Big question, I guess, is would this team actually be any good? Who really knows, I’m just an armchair selector. However, several of the players I’ve picked have played together at domestic level (either here in Australia or over in English County Cricket), so – theoretically – they’d be no more disjointed than any other side in the comp. Is there enough genuine T20 talent in the squad, as opposed to players perhaps more naturally suited to the longer form of the game? I don’t know. Many of the younger players haven’t played much of either at the top level so it is hard to judge. And, would they be able to beat the Thunder? Maybe, but let’s not get ahead of ourselves.
Before I started putting a list together I suspected I’d either end up with a list that collectively was either relatively old or young, but after a quick calculation I’ve found that the average age of this squad would fall in the same 26-29 bracket as the rest of the BBL squads.
If I’m honest I’ve spent way too long trawling through the stats from this year’s Ryobi Cup and Sheffield Shield, looking through the Future League stats, examining stats from the Friends Life T20 in England. In a fit of madness I even went sifting through the scorecards from this year’s Sydney Grade Cricket T20 comp this afternoon. Can you tell I’m on my Christmas leave, and have some time on my hands…

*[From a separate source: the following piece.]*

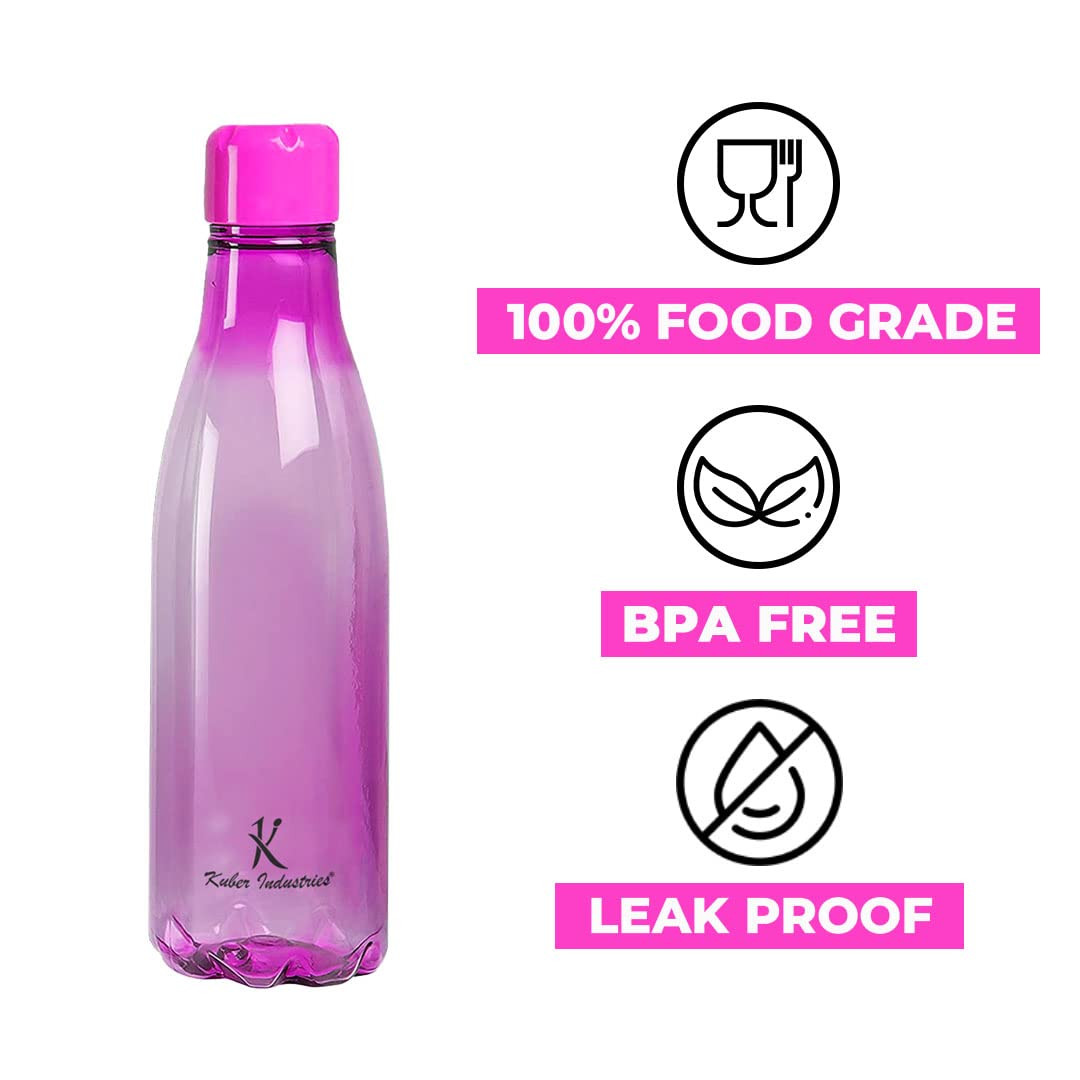 Kuber Industries BPA Free Plastic Water Bottles | Unbreakable, Leak Proof, 100% Food Grade Plastic | For Kids & Adults | Refrigerator Plastic Bottle Set of 4 - Pink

Overall I’m pretty happy with the list, which at a rough calculation would have a team ranking of around 115-120 on the BigBashBoard (the real BBL teams range from 110-140), the batsmen include a good mix of left and right hand options. Maybe an additional back-up keeper or spinner would be handy? And I would have really liked to get a left-arm quick in but couldn’t track one down. I guess you can’t have everything in fantasy land.
Ok, enough dribble, who’ve I picked.
31 – Tasmania – Left-hand Batsmen
Hasn’t played much T20 (just 10 games), probably due to being pigeonholed as more of a long-form specialist. Has only played the solitary BBL game, back in the first season when he was with the Sixers and he didn’t even get a bat, swapped to the Hurricanes for BBL02, but didn’t get a game due to Test duties. This season he’s averaged 31.5 across 6 Ryobi Cup games, and 41.4 after 5 Shield games. Picked for his seniority and cricket brain as much as his ability with the bat. I’d also have Ed as co-captain along with Phil Jaques.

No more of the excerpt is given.